Database expert on why NoSQL mattered — and SQL still matters

The first part of this interview with University of California Berkeley professor and AMPLab co-director Michael Franklin focused on the creation of AMPLab and some of the important big data projects that have emerged from it.

Part 2 focuses on database technology, where Franklin spent much of his career. Aside from studying it and teaching it, Franklin also started a database company called Truviso, which Cisco acquired in 2012.


How far along are we down the road of distributed databases and data management systems?

Usually, when you say “database person,” you precede it by “grumpy, old.” We’re famous for looking at a lot of systems work and saying, “Yeah, we’ve been doing that for 20 years, 30 years.” Even, frankly, if you look at MapReduce — inside of any parallel database system like Teradata, like IBM’s parallel edition, like Oracle’s RAC, inside there is a MapReduce engine. Those techniques have been known for many years. So grumpy, old database people really did figure out a lot of things in the past.
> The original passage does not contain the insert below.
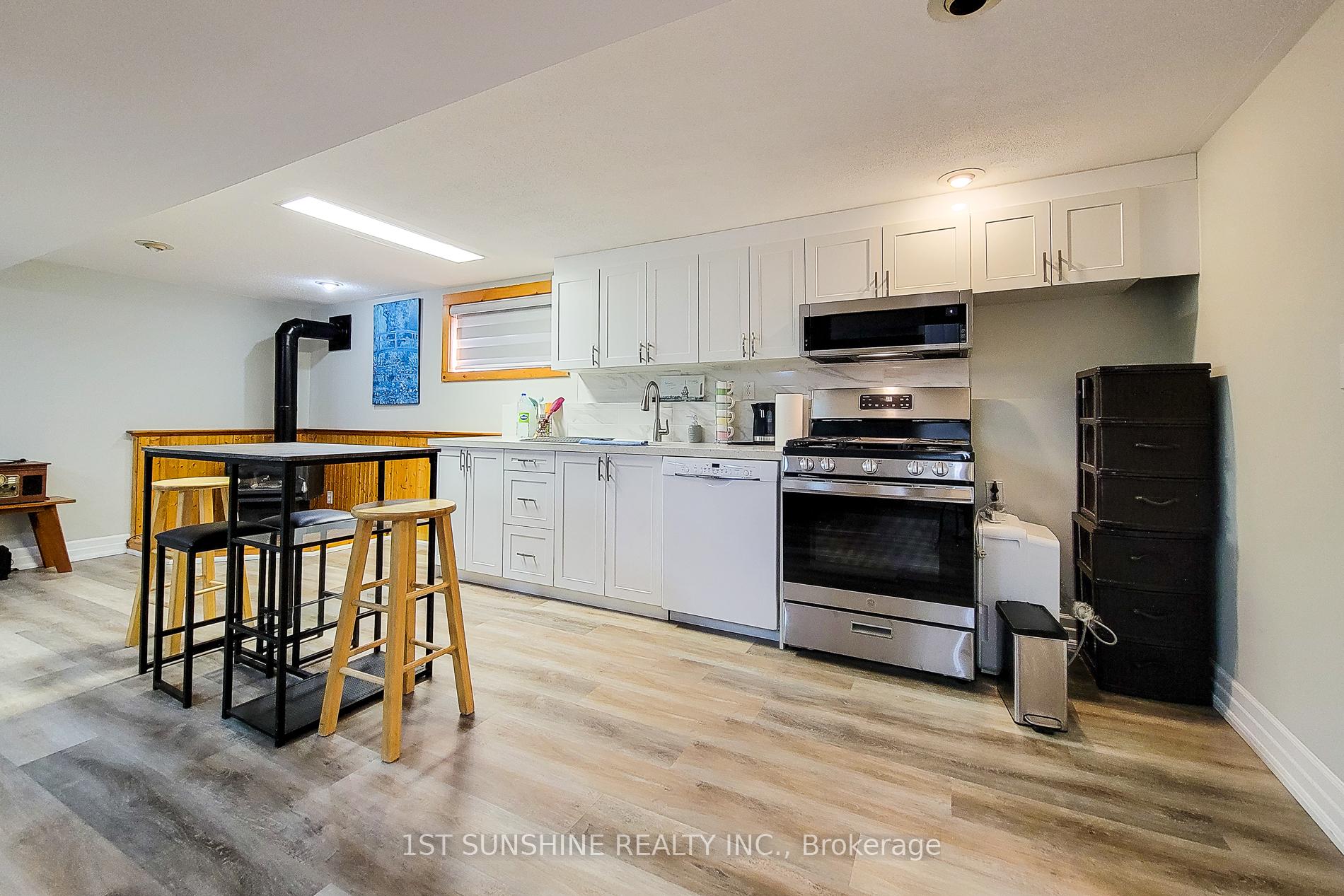 Photo 31 of 8 Sullivan Drive, St. Catharines, Lakeport — HOMEH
That being said, I do think as a database person that things have really fundamentally changed. Probably, things have changed the most since the adoption of the relational model back in ‘80s. The big data ecosystem is really fundamentally different in many ways than traditional data management. In particular, people like to talk about scalability, because the big in big data means you have lots of data.

But again, scale-out techniques have been known for quite some time. They’re a little different now because of some different systems assumptions and so on, and maybe whereas before somebody might think that a thousand-node system was a big system, now it’s easy to talk about 10,000 nodes.

“Compared to a lot of grumpy, old database people … I believe that things have fundamentally changed and they’re not going to change back. I think we’re really at the beginning of a new era.”

To me, what’s really fundamentally different about this new-generation data management isn’t really isn’t just scalability, but it’s really flexibility. If you look at the ability to store data first and then impose structure on it later — sometimes this is called schema on read or schema on need — that’s a complete game changer.

Because the way things used to work if you wanted to do a data management project is you’d say, “OK, step number 1: Figure out every piece of data that you might want to ever store in your system, what it looks like, how it’s organized, and then how it’s related to all the other pieces of data that you might ever want to store in your database system. Then step 2 is get your hands on some real data,. And then step 3 was try to make the real data conform to this model that you would create in step 1.”

Many projects never made it that far, and back when people were first starting to do things like data warehousing, the literature was just full of horror stories where people would throw millions and billions of dollars into these systems and they never get them to work.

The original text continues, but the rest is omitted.